▸ What you are asked to do
Exactly as written, output each of the entries below.

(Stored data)
%%
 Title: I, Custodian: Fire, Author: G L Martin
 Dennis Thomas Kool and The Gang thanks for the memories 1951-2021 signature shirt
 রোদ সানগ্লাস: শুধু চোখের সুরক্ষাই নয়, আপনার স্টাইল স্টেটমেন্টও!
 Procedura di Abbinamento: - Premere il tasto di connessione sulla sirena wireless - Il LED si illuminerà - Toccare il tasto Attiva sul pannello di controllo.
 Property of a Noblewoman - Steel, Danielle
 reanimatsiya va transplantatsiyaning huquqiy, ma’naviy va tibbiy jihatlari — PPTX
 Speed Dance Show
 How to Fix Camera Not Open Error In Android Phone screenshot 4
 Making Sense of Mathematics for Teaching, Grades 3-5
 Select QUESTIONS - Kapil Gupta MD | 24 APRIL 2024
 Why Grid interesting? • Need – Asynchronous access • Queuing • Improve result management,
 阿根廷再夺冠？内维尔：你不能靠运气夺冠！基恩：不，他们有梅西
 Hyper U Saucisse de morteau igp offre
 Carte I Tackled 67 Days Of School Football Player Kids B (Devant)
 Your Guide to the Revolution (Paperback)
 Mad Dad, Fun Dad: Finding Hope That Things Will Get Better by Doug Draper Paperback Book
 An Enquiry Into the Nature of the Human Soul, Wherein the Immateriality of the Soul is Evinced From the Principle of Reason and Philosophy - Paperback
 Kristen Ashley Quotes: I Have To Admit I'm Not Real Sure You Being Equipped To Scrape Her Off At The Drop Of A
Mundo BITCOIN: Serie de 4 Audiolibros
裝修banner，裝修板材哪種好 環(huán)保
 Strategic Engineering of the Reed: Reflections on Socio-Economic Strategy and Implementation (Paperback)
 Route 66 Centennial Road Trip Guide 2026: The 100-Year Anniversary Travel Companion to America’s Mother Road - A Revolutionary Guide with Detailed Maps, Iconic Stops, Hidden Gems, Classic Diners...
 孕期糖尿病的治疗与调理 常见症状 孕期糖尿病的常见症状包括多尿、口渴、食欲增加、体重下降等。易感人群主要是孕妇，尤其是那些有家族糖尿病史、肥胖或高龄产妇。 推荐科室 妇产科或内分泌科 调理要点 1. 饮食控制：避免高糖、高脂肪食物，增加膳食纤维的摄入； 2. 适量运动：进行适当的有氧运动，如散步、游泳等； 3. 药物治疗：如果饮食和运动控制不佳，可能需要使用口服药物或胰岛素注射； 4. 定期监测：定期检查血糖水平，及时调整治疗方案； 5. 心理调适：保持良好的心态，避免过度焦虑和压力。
%%
▸ Response to the task
 Title: I, Custodian: Fire, Author: G L Martin
 Dennis Thomas Kool and The Gang thanks for the memories 1951-2021 signature shirt
 রোদ সানগ্লাস: শুধু চোখের সুরক্ষাই নয়, আপনার স্টাইল স্টেটমেন্টও!
 Procedura di Abbinamento: - Premere il tasto di connessione sulla sirena wireless - Il LED si illuminerà - Toccare il tasto Attiva sul pannello di controllo.
 Property of a Noblewoman - Steel, Danielle
 reanimatsiya va transplantatsiyaning huquqiy, ma’naviy va tibbiy jihatlari — PPTX
 Speed Dance Show
 How to Fix Camera Not Open Error In Android Phone screenshot 4
 Making Sense of Mathematics for Teaching, Grades 3-5
 Select QUESTIONS - Kapil Gupta MD | 24 APRIL 2024
 Why Grid interesting? • Need – Asynchronous access • Queuing • Improve result management,
 阿根廷再夺冠？内维尔：你不能靠运气夺冠！基恩：不，他们有梅西
 Hyper U Saucisse de morteau igp offre
 Carte I Tackled 67 Days Of School Football Player Kids B (Devant)
 Your Guide to the Revolution (Paperback)
 Mad Dad, Fun Dad: Finding Hope That Things Will Get Better by Doug Draper Paperback Book
 An Enquiry Into the Nature of the Human Soul, Wherein the Immateriality of the Soul is Evinced From the Principle of Reason and Philosophy - Paperback
 Kristen Ashley Quotes: I Have To Admit I'm Not Real Sure You Being Equipped To Scrape Her Off At The Drop Of A
Mundo BITCOIN: Serie de 4 Audiolibros
裝修banner，裝修板材哪種好 環(huán)保
 Strategic Engineering of the Reed: Reflections on Socio-Economic Strategy and Implementation (Paperback)
 Route 66 Centennial Road Trip Guide 2026: The 100-Year Anniversary Travel Companion to America’s Mother Road - A Revolutionary Guide with Detailed Maps, Iconic Stops, Hidden Gems, Classic Diners...
 孕期糖尿病的治疗与调理 常见症状 孕期糖尿病的常见症状包括多尿、口渴、食欲增加、体重下降等。易感人群主要是孕妇，尤其是那些有家族糖尿病史、肥胖或高龄产妇。 推荐科室 妇产科或内分泌科 调理要点 1. 饮食控制：避免高糖、高脂肪食物，增加膳食纤维的摄入； 2. 适量运动：进行适当的有氧运动，如散步、游泳等； 3. 药物治疗：如果饮食和运动控制不佳，可能需要使用口服药物或胰岛素注射； 4. 定期监测：定期检查血糖水平，及时调整治疗方案； 5. 心理调适：保持良好的心态，避免过度焦虑和压力。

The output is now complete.